Begin at the line below that holds "大清乾隆年製 紛彩馬文花瓶 46cm 唐物 骨董 ファッション 古美術 楾" and end at the line that holds "Kredki ołówkowe trójkątne", transcribing each line exactly and skipping any picture.

(Caption-style text data)
----

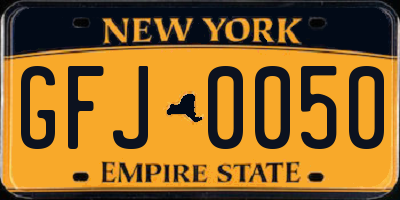 NY license plate GFJ0050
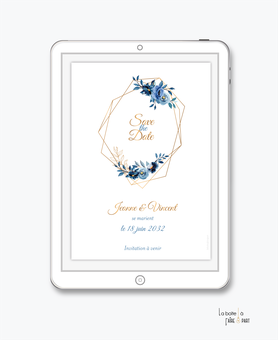 Save the date mariage numérique-Save the date mariage digital-Save the date numérique-Save the date electronique -Save the date à envoyer par mms-par mail-réseaux sociaux-whatsapp-facebook-messenger-fleurs bleu roi-champêtre-bouquet de fleur-losange doré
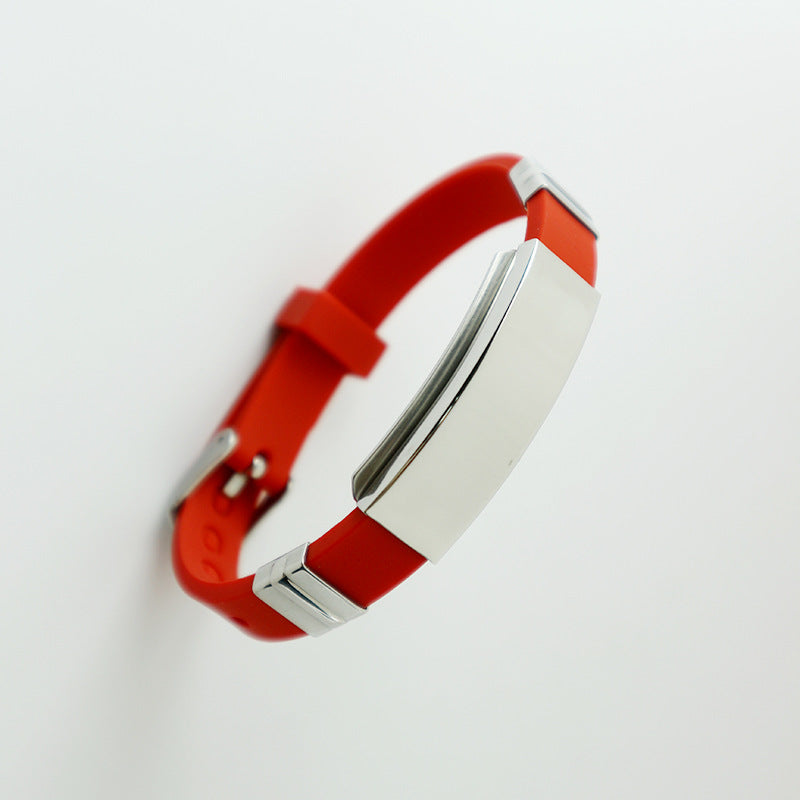 Titanium Steel Korean Style Personalized Lettering Gift Silicone Stainless Bracelet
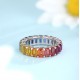 Ruif Jewelry Classic Design S925 Silver 7.4ct Lab Grown Sapphire Ring Rainbow Color Wedding Bands ring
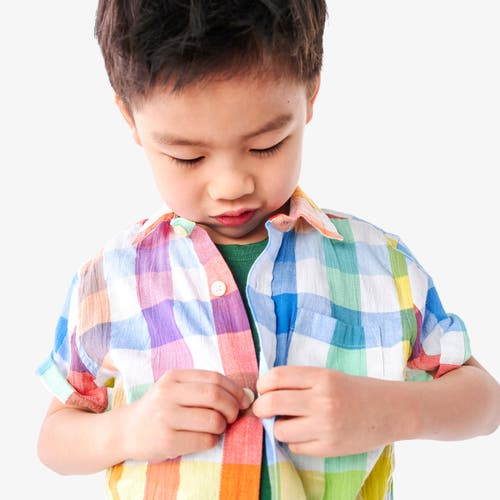 Primary Short Sleeve Button Down In Rainbow Gingham In White Rainbow Check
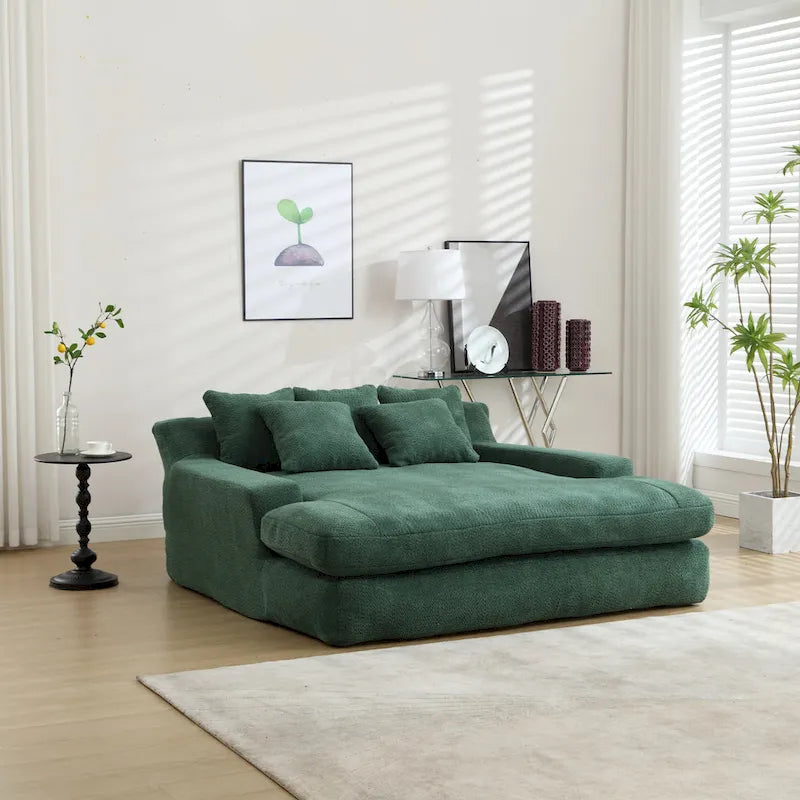 Canapé paresseux 2 places en chenille avec 5 coussins de dossier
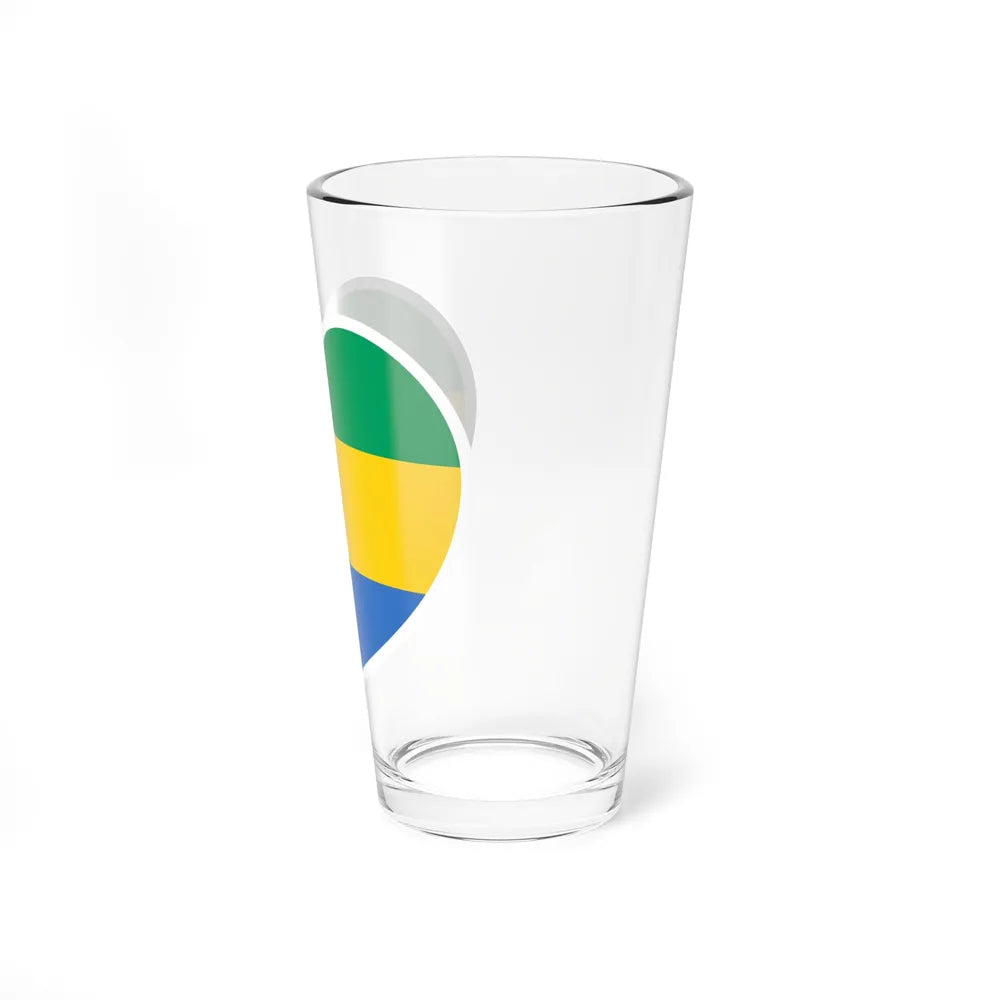 Heart Flag of Gabon - Pint Glass 16oz-Go Mug Yourself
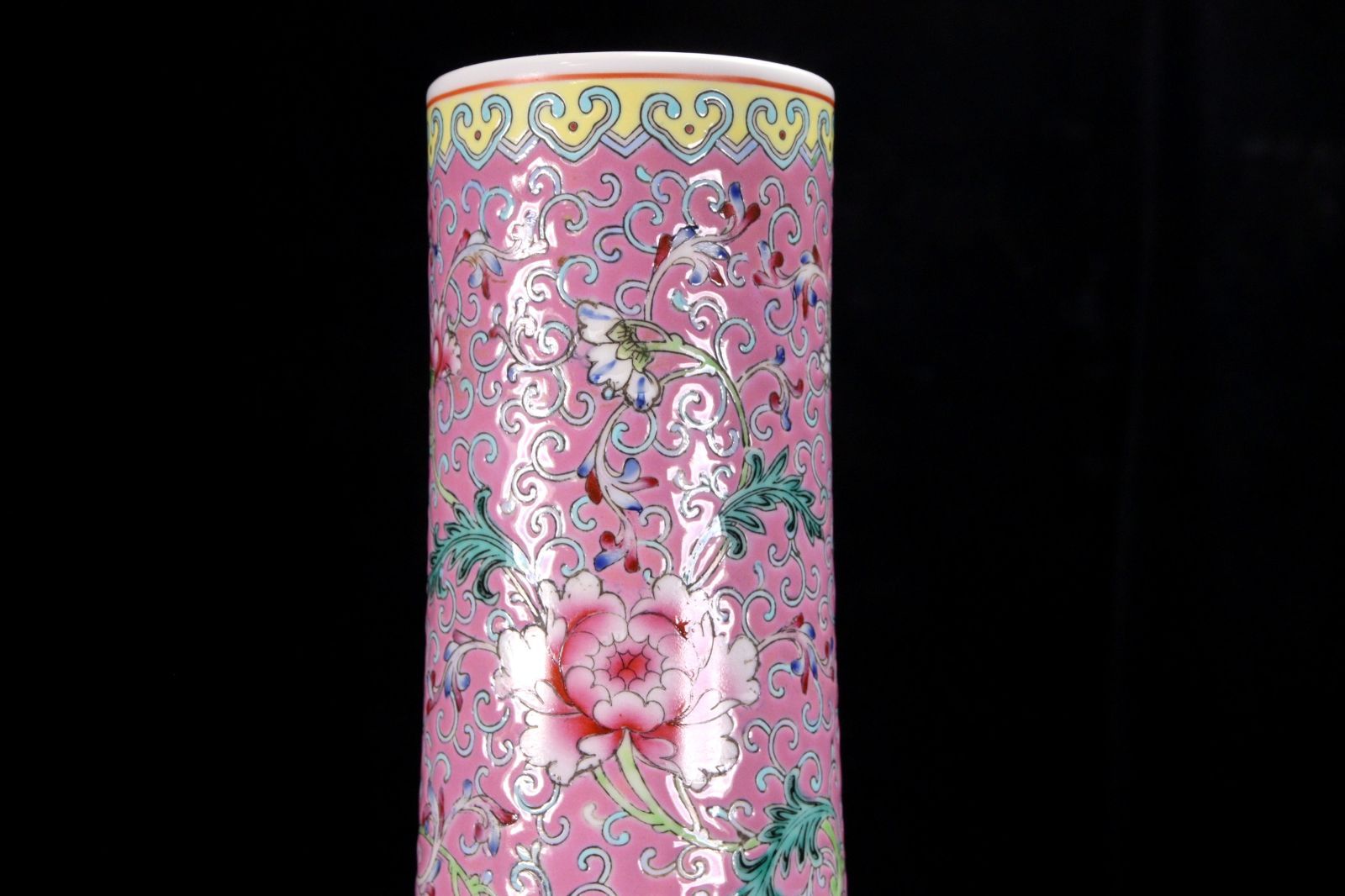 大清乾隆年製 紛彩馬文花瓶 46cm 唐物 骨董 ファッション 古美術 楾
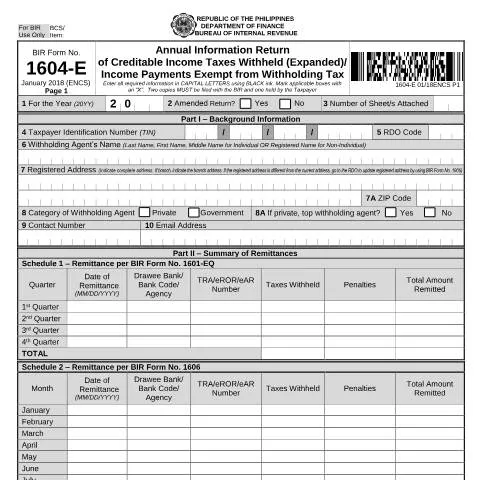 Document preview: Understanding BIR Form No. 1604-E for Tax Reporting — Government & admin (CERFA n°1604-E)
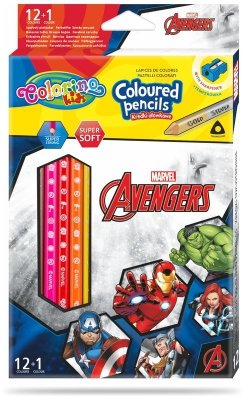 Kredki ołówkowe trójkątne 12+1-kol. Disney Kids Colorino Avengers, Patio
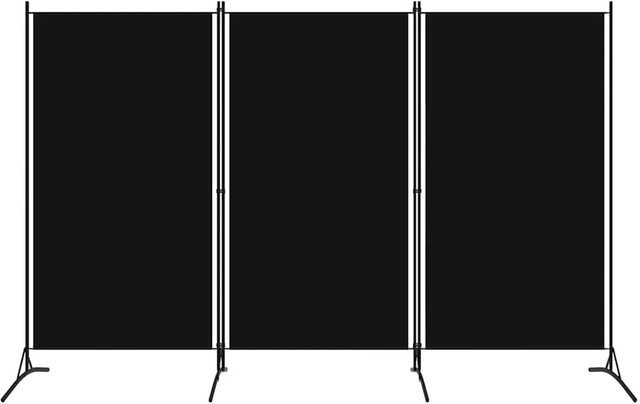 vidaXL 3-teiliger Raumteiler Schwarz aus Eisen und Polyester, B/H: 260 x 180 cm - Bild 1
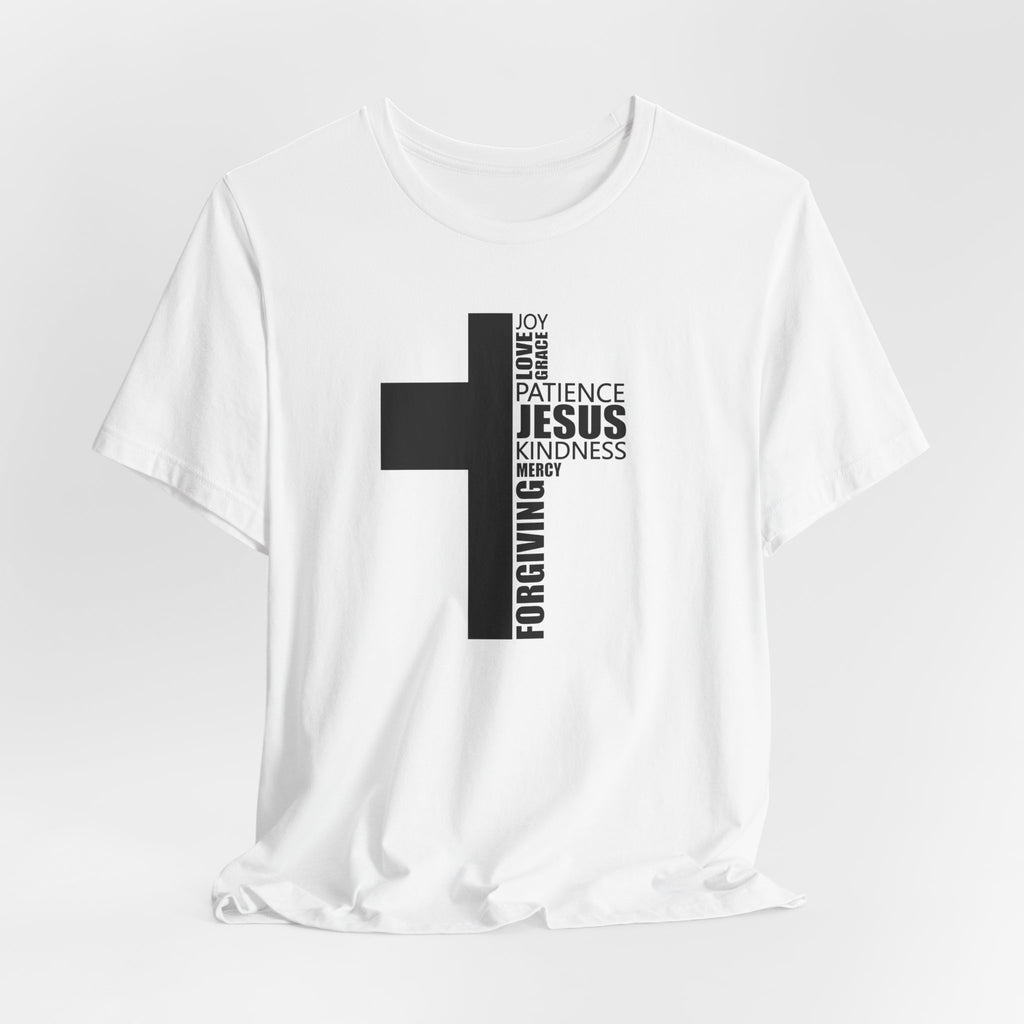 Christian Cross T-Shirt – 'Jesus, Forgiving, Love, Kindness' Word Cloud Tee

----

▸ **REPLY**
 大清乾隆年製 紛彩馬文花瓶 46cm 唐物 骨董 ファッション 古美術 楾
 Document preview: Understanding BIR Form No. 1604-E for Tax Reporting — Government & admin (CERFA n°1604-E)
 Kredki ołówkowe trójkątne 12+1-kol. Disney Kids Colorino Avengers, Patio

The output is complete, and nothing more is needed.